Land constraints, insufficient transmission facility and discom defaults on payments are the leading impediments to renewable energy adoption in the country. This has been unanimously agreed upon by both the industry and government stakeholders.
To address these bottlenecks, the government recently introduced certain measures, as it is aware of its commitments under the intended nationally determined contributions (INDC).
The 175 gigawatt (GW) target for 2022 requires us to install another 95 GW of renewable energy capacity in the next two years.
A modest share of this capacity has been tendered and / or is in the process of commissioning. However, there is a considerable chunk where tenders were cancelled or postponed and a larger chunk that remains to be tendered.
The target for 2019-20 is 11.8 GW. But we are 800 MW short of our quarterly target even in the first quarter of 2019-20.
Despite a fluid tendering process and ground-breaking auction tariffs, project implementation continues to slacken.
Modifications in solar parks’ scheme
On July 12,2019, the government introduced two sets of modifications in scheme for development of solar parks.
The first modification is primarily aimed at Central Public Sector Unit (CPSU) and private entities who own land. The definition of “own land” has been expanded to include land taken from various state or central governments or their entities or PSUs on lease or on right to use basis.
The second applies to capacity tendered via Solar Energy Corporation of India (SECI).
SECI is made responsible:
- For making the land available to the successful bidder
- For ensuring development of external power evacuation infrastructure by the relevant development agency; and
- For maintaining a payment security fund (PSF) for a renewable energy park against Discom default.
Assigning the responsibility to the primary off taker is an attempt to reduce the risk to the project developer. However, the project developer must monetarily compensate for all the above.
States that facilitate the land for projects are awarded a facilitation charge of Rs 0.02 per unit, paid by the developer.
The developer must remunerate the external transmission system development agency to the tune of 40 per cent of the cost of the infrastructure. And, the developer will feed into the PSF at a rate of Rs 0.02 per unit. All these additional charges will be included in the bids released henceforth.
Further, the modifications does not allow the government-provided central financial assistance (CFA) to be utilised for land procurement or for internal evacuation infrastructure (ie, evacuation infrastructure from the power plant till the closest substation).
The government is certain that despite the industry’s struggles, the technology is cost-competitive and industry does not require financial support.
Therefore, the need is to prioritise public infrastructure. The existing provision of CFA for evacuation infrastructure (both internal and external) development will now be exclusively used for external power infrastructure, according to the modifications.

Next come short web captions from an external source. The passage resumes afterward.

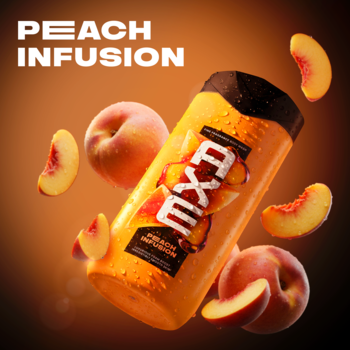 Axe Peach Infusion żel pod prysznic w pomarańczowej butelce, mokrej od kropel, z napisem PEACH INFUSION, otoczonej brzoskwiniami.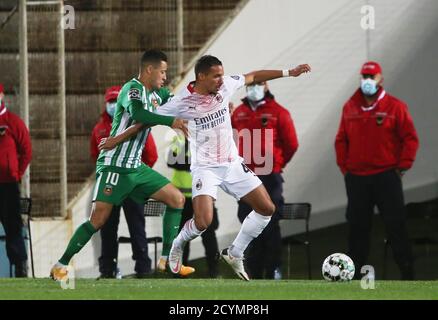 Diego Lopes von Rio Ave im Einsatz mit Ismael Bennacer von Mailand während des Europa League-Spiels zwischen Rio Ave FC und AC Mailand im Estadio dos Arcos, VI Stockfoto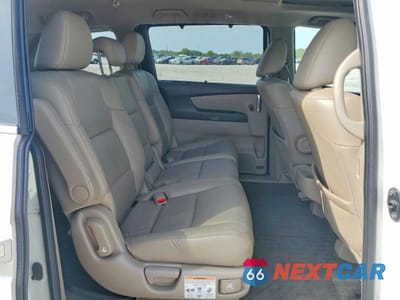 Zdjęcie 10 z 13 samochodu: 2014 HONDA ODYSSEY TOURING VIN:5FNRL5H97EB030541 - miniatura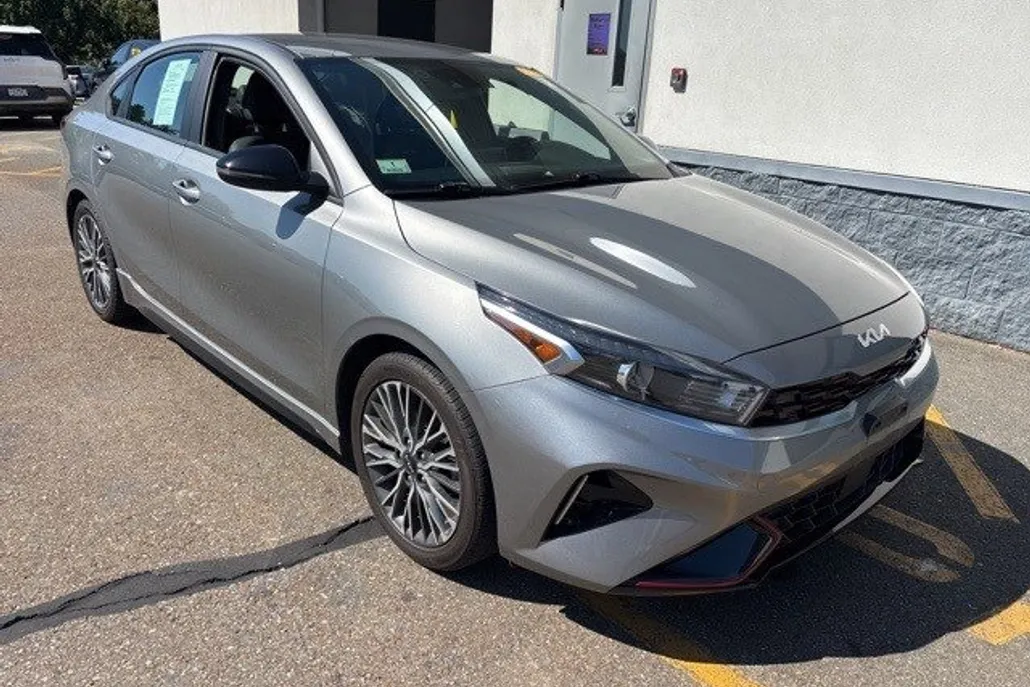 2023 Kia Forte GT-Line photo 1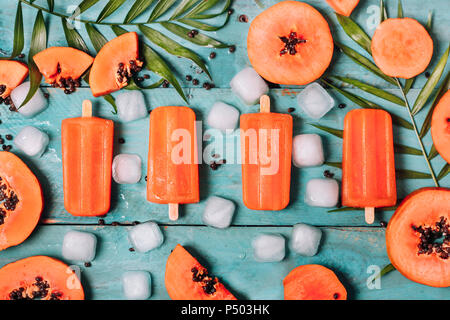 Hausgemachte papaya Eis am Stiel Stockfoto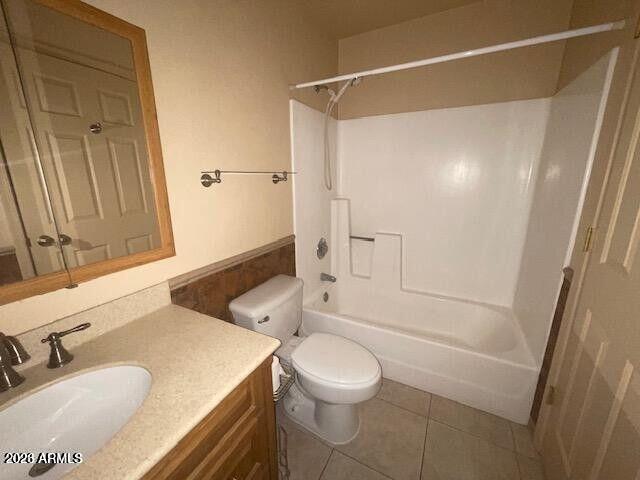 Building Photo - 14008 N Kendall Dr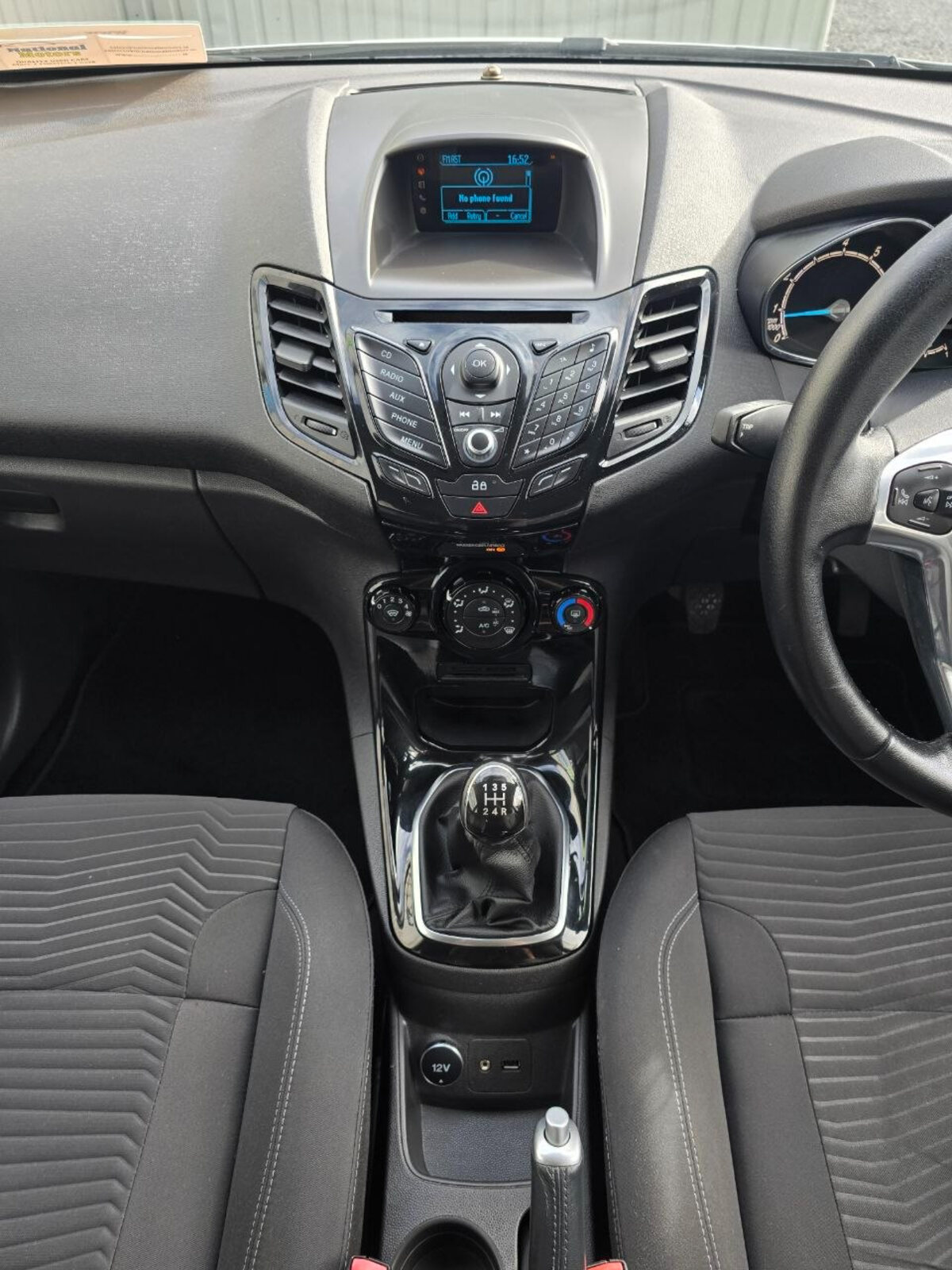 2014 Ford Fiesta ZETEC 1.2 PETROL - Image 14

Approval for transmission systems
The ministry of new and renewable energy (MNRE) headed by RK Singh, on July 18, 2019, approved a proposal that called for early regulatory approval by central electricity regulatory commission (CERC) for renewable energy-linked transmission system worth 66.5 GW.
The identified transmission capacity is split into two — 28 GW under Phase-I and around 38.5 GW under Phase-II.
Transmission networks, in comparison to renewable energy projects, are associated with much larger gestation periods. Pre-approvals, could go a long way in kickstarting projects necessary for the large renewable energy capacity that is expected to come online in the immediate future.
The government is determined
This year MNRE sat down with industry stakeholders in various sessions to discuss the prospects of the industry. The takeaways from all these sessions have been addressed, at least partially, over the last week.
At 80 GW today, the Indian story was built on the back of solid policy foundation. Tweaking the policy to stay relevant has been the primary driver of the growth.
There is no doubt that government stakeholders are heavily leaning towards renewable energy expansion. The latest measures are sound steps, but it remains to be seen if their application will have any impact, to write home about.